I hate to sound like a broken record but I kinda feel like the reason Pfeiffer was nominated because she was an IT actress, one of those hot, young, talented women who the Academy loves. So they end up nominating these women like Pfeiffer a couple times in hopes to make them stars and draw viewers and because they are old, white men. Pfeiffer was nominated 3 times in 5 years and so far it's been for ingenue type work. In Love Field she played almost a Marilyn Monroe type figure and here she's a sexy lounge singer. I wasn't a huge fan of her third nomination in 1992 and this performance feels lightweight, which I hate to say. She is great as a singer, even doing all her own singing. That part feels really authentic and helps cement her as being an actual lounge singer like her character. I wouldn't mind listening to an album of her songs, that's how natural her singing is. It's the fact that she doesn't show up for like the first 20-30 minutes and isn't in the last 20 minutes except the very last scene that makes it lightweight. She comes in as an escort who wants to sing, though that part of her life is really not dealt with at all, and has a sort of attitude and is late and Pretty Woman-ish. Then she sings - well - and sleeps with Jeff Bridges in the inevitable romantic plot. It's telegraphed a million miles away, it happens, and then she moves on to something better, or at least more lucrative. Yes, Pfeiffer plays up her sexy qualities and can sing, but besides acting as the sexy ingenue in the nightclub act, she doesn't have much else to do. That's mostly the fault of the film itself. Pfeiffer literally only has to be attractive, sing pretty good, and be a source of conflict for the Bridges brothers and that's essentially it. That's why I call it slight and lightweight. It's a nomination you get when the Academy wants to make you a star. Pfeiffer is good but I don't feel she elevates herself into Oscar territory. I think it's more you fall in love with Pfeiffer and want to see her rewarded more than anything else. Okay performance but little else to it.

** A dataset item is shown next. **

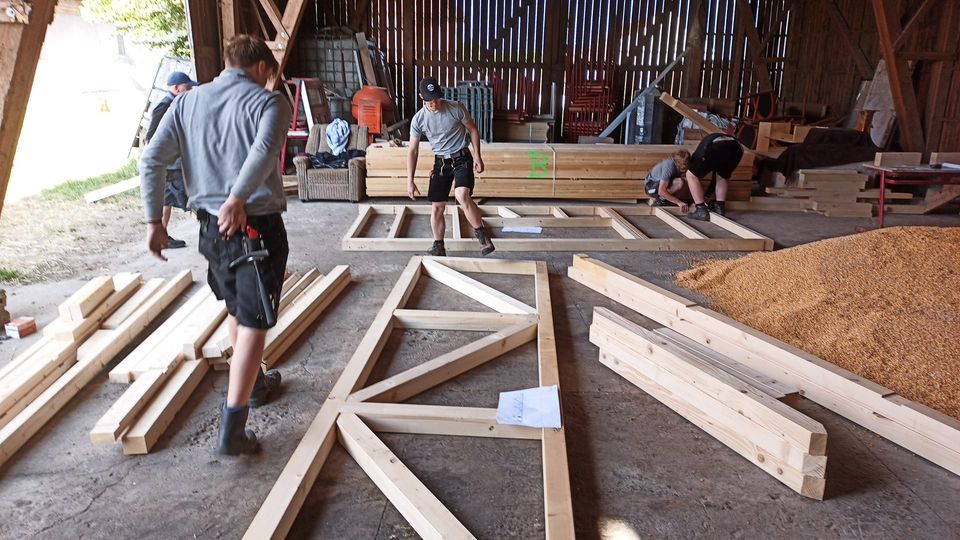 Romahaus 25 Die Holzkonstruktion wird zusammengesetzt.jpeg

I don't know if I'm going to be able to even pick a winner. None of these performances are that good or at least feel like they should be a winner. Collins might be the best of the bunch but that performance and film are not Oscar winning caliber. Pfeiffer is okay but her performance doesn't feel strong enough for a win. Adjani, I don't even know where to put her. I like the first part of her performance before it becomes more stereotypical and her film and role are way more challenging than the other two I've mentioned. Lange is just so passionless and boring, like we are supposed to nominate her strictly because of what the character and film are about. I dislike Tandy a lot in that role even though I really quite enjoyed her Fried Green Tomatoes work. This has to be the worst Best Actress category I've seen so far and most likely one of the worst of all time. I'm not even going to pick a winner as I don't feel Collins would be a good winner at all.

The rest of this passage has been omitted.